Monday, March 21, 2011

Can't fight that nocturnal urge

I can't sleep, so I thought I would write on this blog that I've basically forgotten. This was originally intended as a space to chronicle the Big Life Decisions as I made them, and muse about the transition to graduated life. The thing about transitions and decisions is that they are fairly time-consuming; I didn't end up writing on this blog, even the posts that I had planned in my head. Perhaps I can still write those posts later, since I think it would be interesting to have a record for after life settles down. At the rate life is settling now, I should probably hurry up.

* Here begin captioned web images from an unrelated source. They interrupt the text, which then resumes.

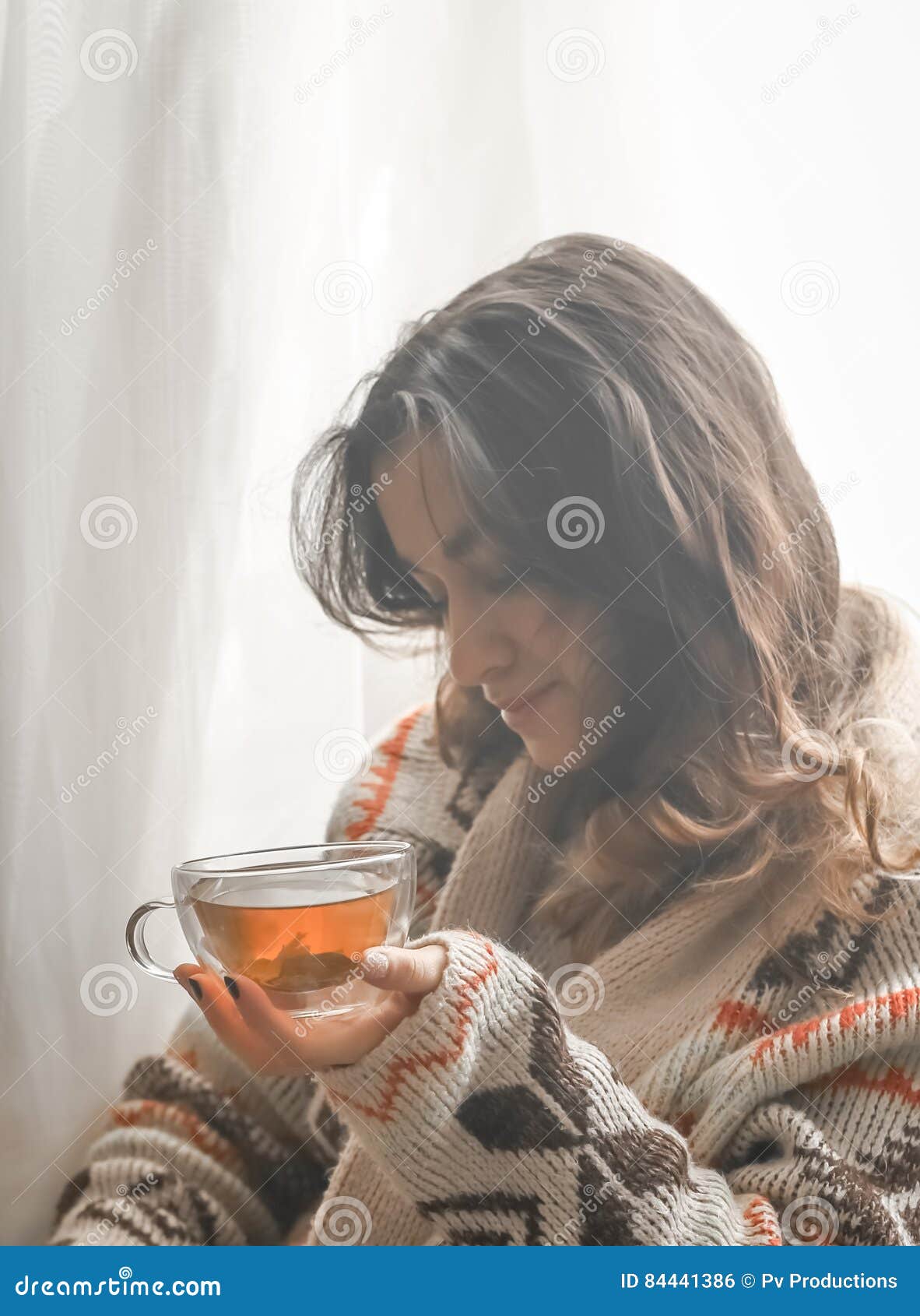 Cozy Cup of Tea the Girl in the Hands Stock Photo - Image of homely ...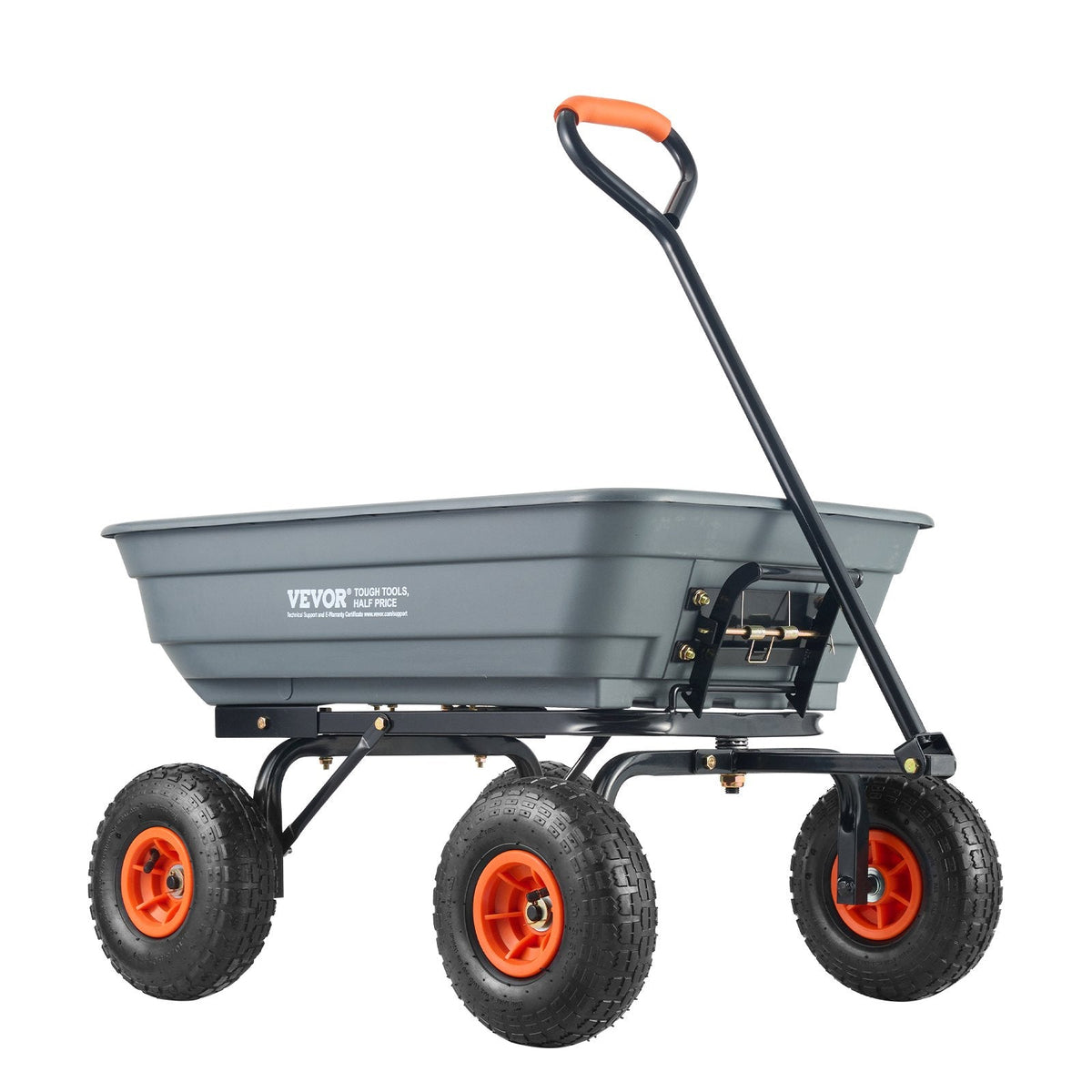 VEVOR Poli dārza izkraušanas ratiņi, smagsvara 600 kg kravnesība, 0,113 m³ ietilpība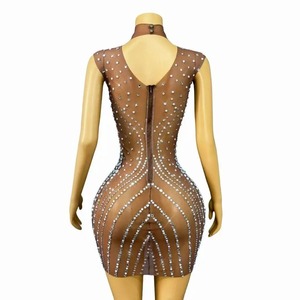 <span class=keywords><strong>Tenue</strong></span> de soirée sexy pour <span class=keywords><strong>femme</strong></span> avec perles brillantes, strass et garniture en maille transparente, idéale pour la danse, les cocktails et les anniversaires - Product Image 2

It is scary to think of how this year has shaped the course of my future. I am definitely going to graduate school, despite having hobbled together my applications at the last minute. Where I will go is yet to be decided; I've narrowed the selection to the genetics program at University of Pennsylvania, human genetics program at Johns Hopkins, and neurobiology program at Columbia. Grad school will probably get it's own post later on, but that is the last of the Big Life Decisions remaining.

I am planning to write more often here (seriously this time). I'm not sure who the intended audience is, or who would bother to read it. The content will cover stuff that is on my mind, including but not limited to: my experiences throughout the day/week, questions, musings, pop culture references, plans, stories, pictures, videos, and, if I can figure out how, imbedded songs. (I have seen it before! I know it can be done!) I can think of, like, five people who might find any of that interesting, but hey, oh well. I am still going to resuscitate this blog. This is more of a journal than a blog, but it's an open journal.

The blog is named "Posts from Underground" because I, in fact, live underground, in the basement of an old woman in Port Jefferson Station, NY. The majority of my posts will be written at my desk here, so I thought it was fitting. Hopefully that is the only tie my posts will have to the ramblings of Dostoevsky's underground soliloquist. Hopefully.

Okay! So, this is a second start. I'll even put a current picture up, while I'm at it:

I like this pic, even though I've been told I look very uncomfortable in it. I usually look uncomfortable or confused, though, so I figure it is true to life.

Anonymous reader, it is now four in the morning, so I am going to attempt to sleep. Goodnight!

Sunday, January 16, 2011

Getting back into the blogging habit

I am on the train returning from Philadelphia after interviewing at the University of Pennsylvania. My thoughts are swirling like soup in my brain right now, but a few are more prominent than the others:


Man, I love to travel. I love the feeling that I am going somewhere, even if it is just to Kingston. Whatever I do in the future, it will have to include at least an element of travel. Luckily, traveling to conferences is part of being an academic.


Being an academic is really sweet. Yeah, you have to work long hours, and the stuff you do doesn't always work, but there are so many perks to living in the Ivory Tower.


I really liked Penn. I hope the other weekends are just as fun.


I hope Turhan doesn’t fire me...I haven’t been to work in five weeks, and I’m taking two days off every week in February to interview at universities. Hmm...


I really have to write about Walden and send it to Grady...


I wonder if the packet from Chicago has arrived...I wonder what I should do if it hasn’t yet...


Why would they make a Penn Station in Newark, too? Just to confuse tourists?


I don’t know.


Man, the iced coffees at McDonalds are really good. You wouldn’t think they would be that good, but they really are.